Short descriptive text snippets

====

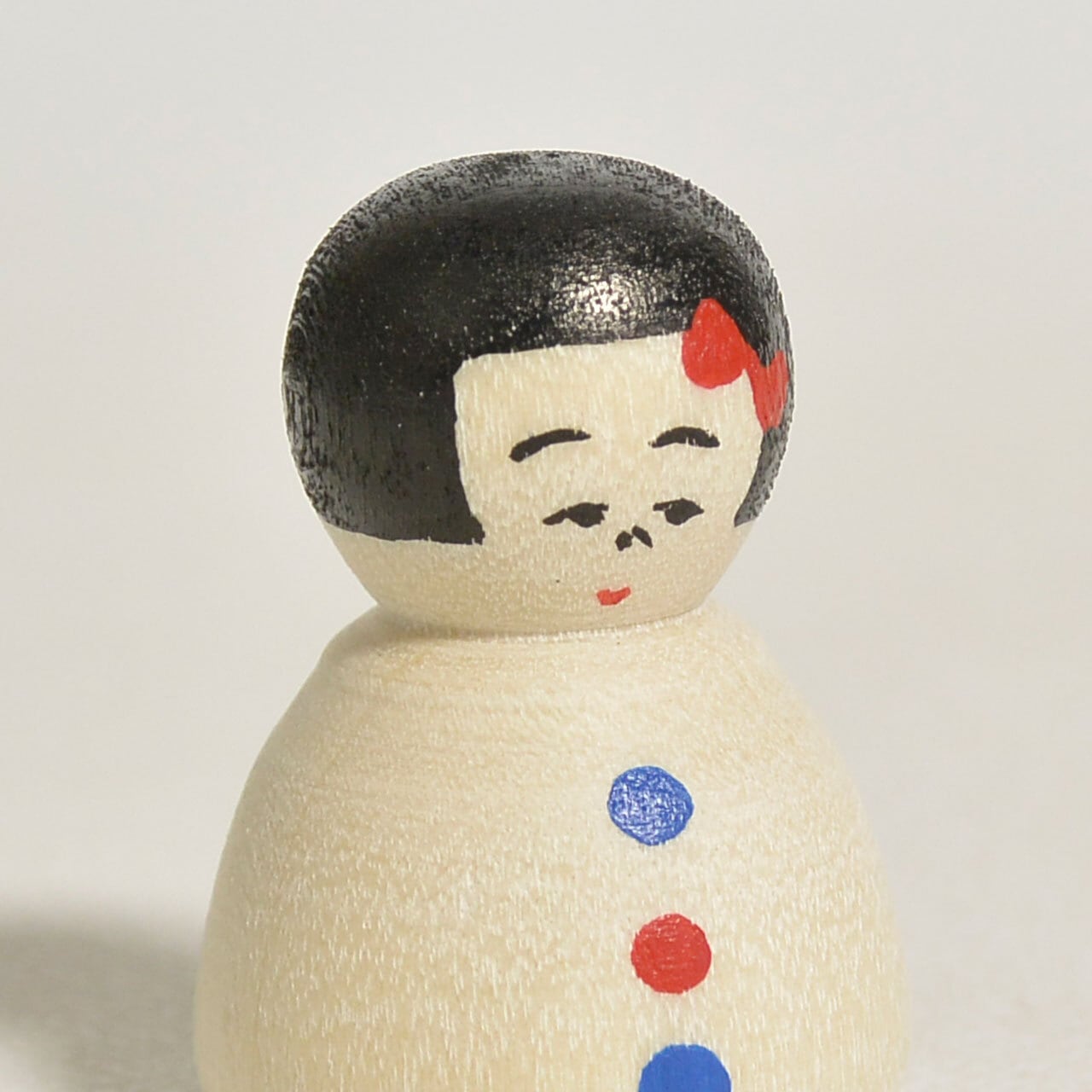 ペンキこけし 約1寸 約3cm 鈴木敬 工人（作並系）#0372 | コケシア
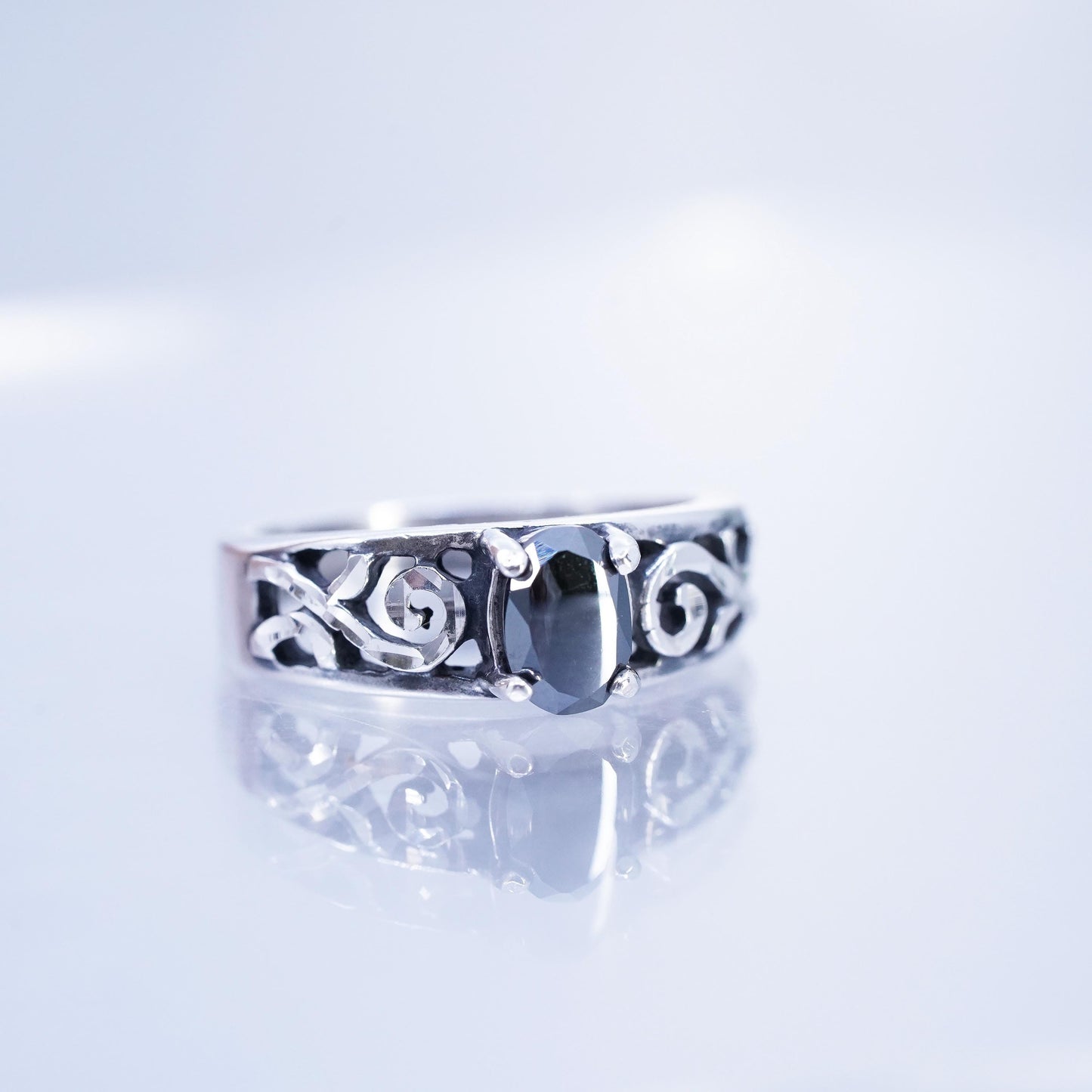 Size 6, vintage Sterling 925 silver handmade ring with hematite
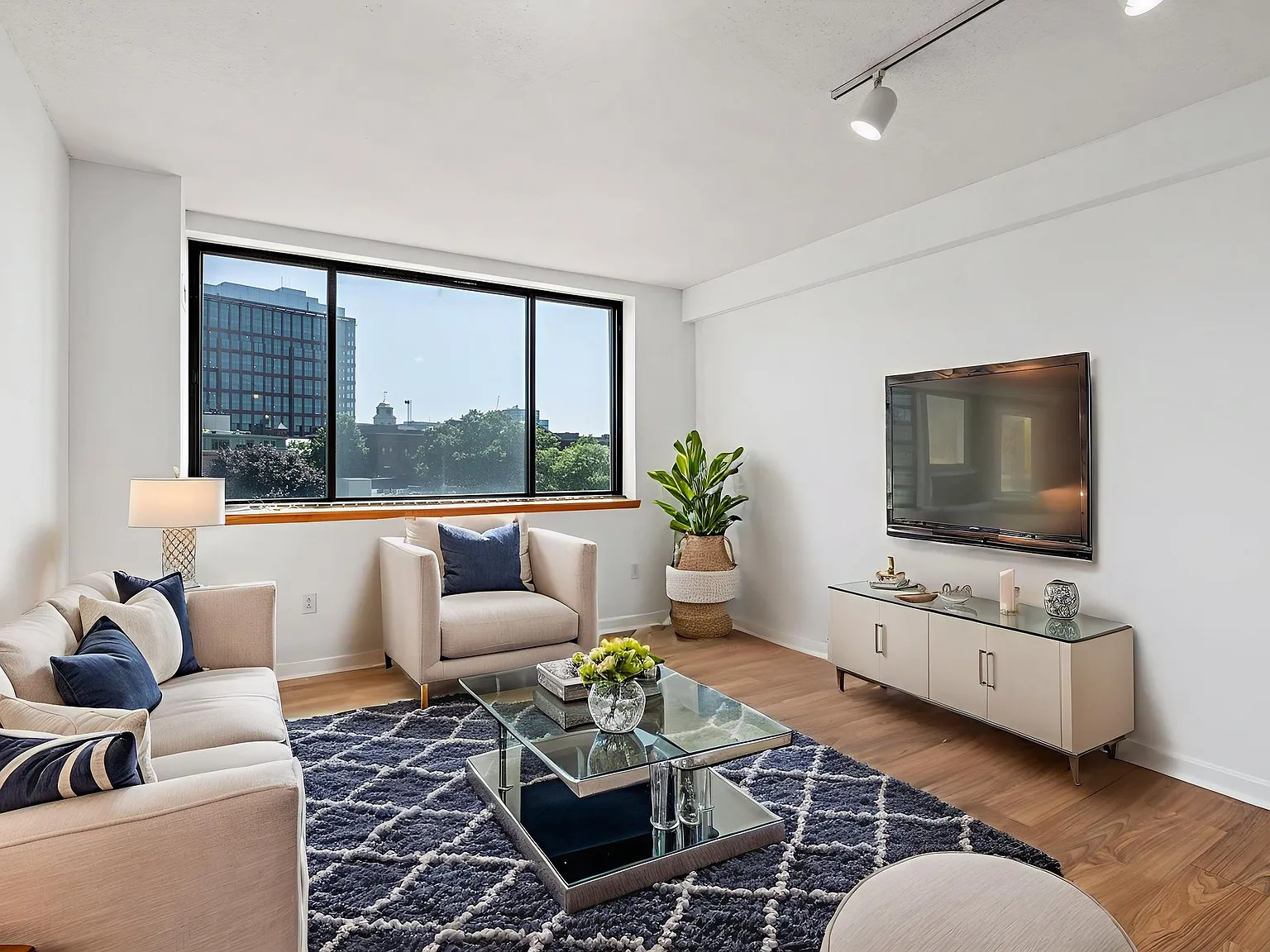 1 bed, 608 sqft, $2,895 — Photo 1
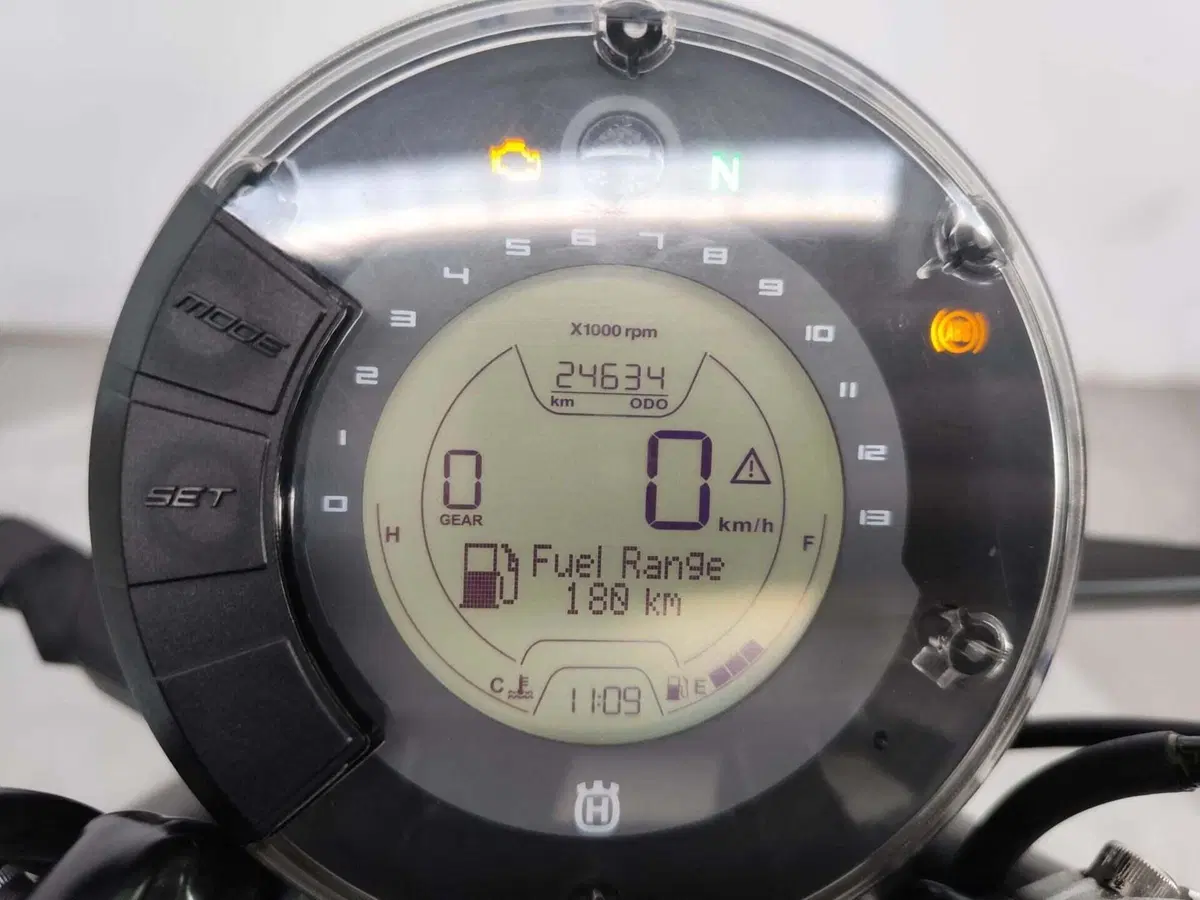 Husqvarna Svartpilen 125 (2021 - 23) (10)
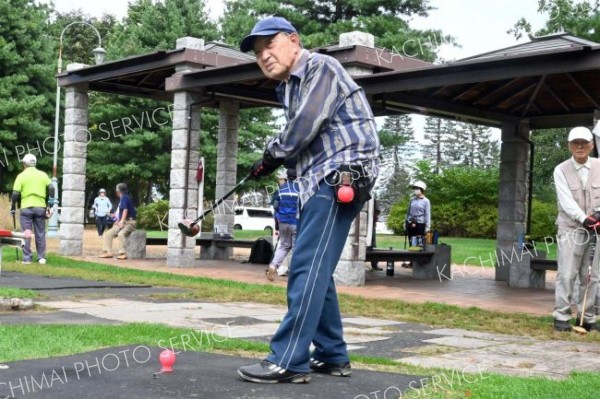 帯広市内の緑ケ丘公園パークゴルフコースでクラブを振りかぶる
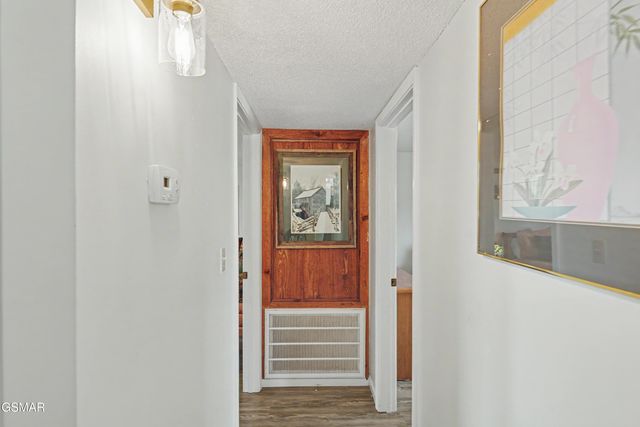 1030 Fox Tail Trail, Gatlinburg, TN 37738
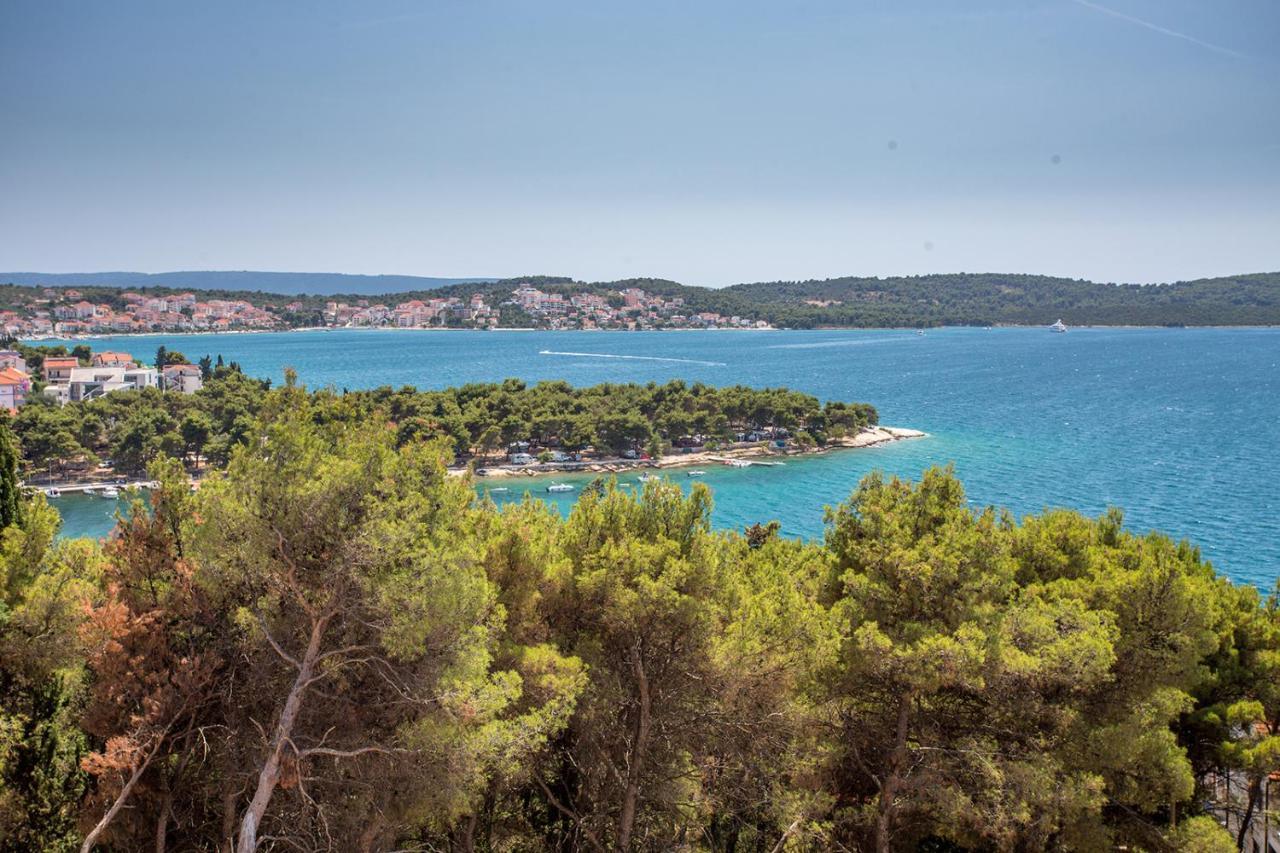 Villa Fani - Apartments In Trogir Exterior photo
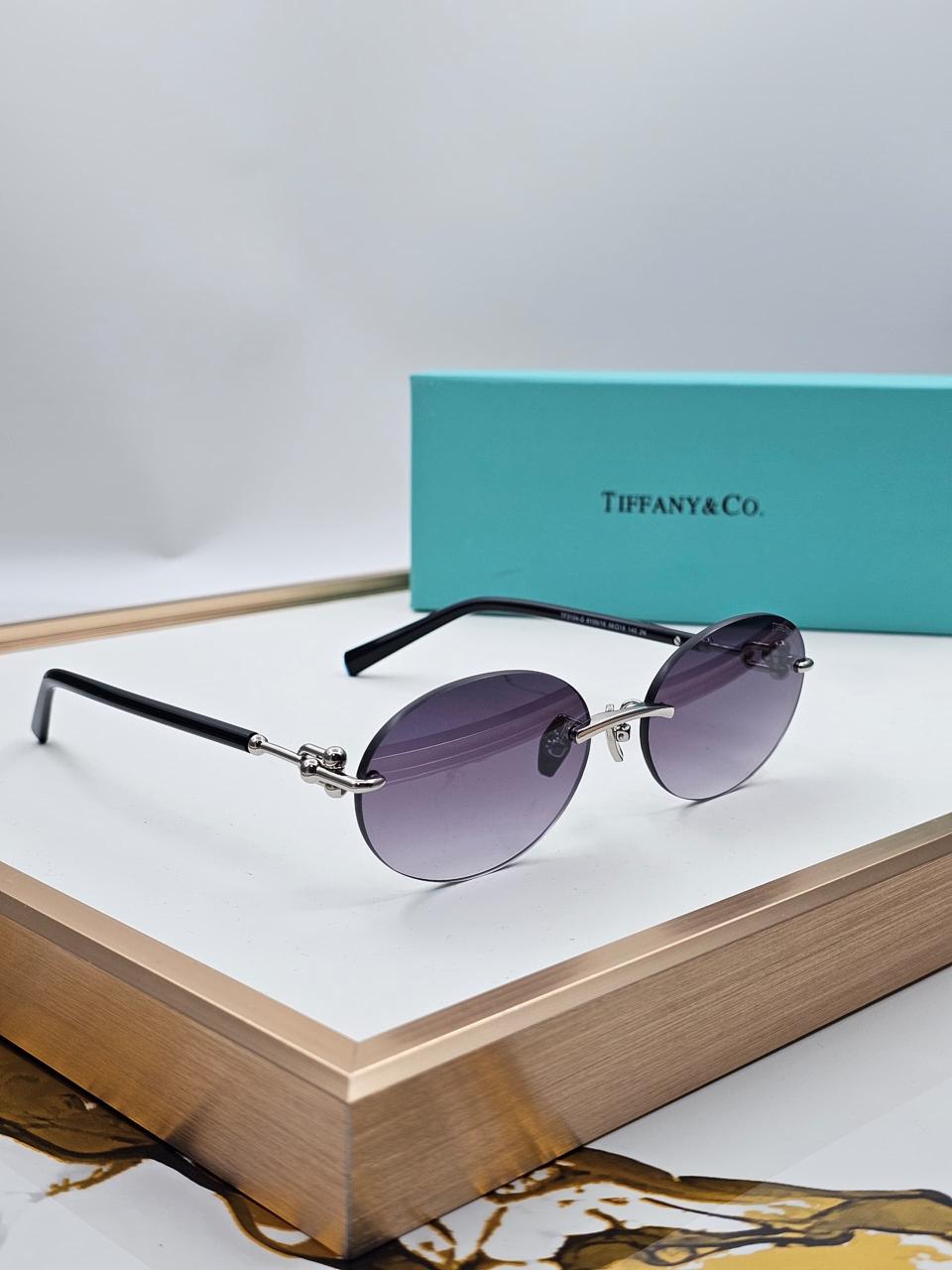 Ladies sunglasses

====

**What you should do:** Your answer must be an exact copy of the lines from the one with "Husqvarna Svartpilen 125 (2021 - 23) (10)" through the final line of the data, both included, without any pictures.

**Result for this exercise:**
 Husqvarna Svartpilen 125 (2021 - 23) (10)
 帯広市内の緑ケ丘公園パークゴルフコースでクラブを振りかぶる
 1030 Fox Tail Trail, Gatlinburg, TN 37738
 Villa Fani - Apartments In Trogir Exterior photo
 Ladies sunglasses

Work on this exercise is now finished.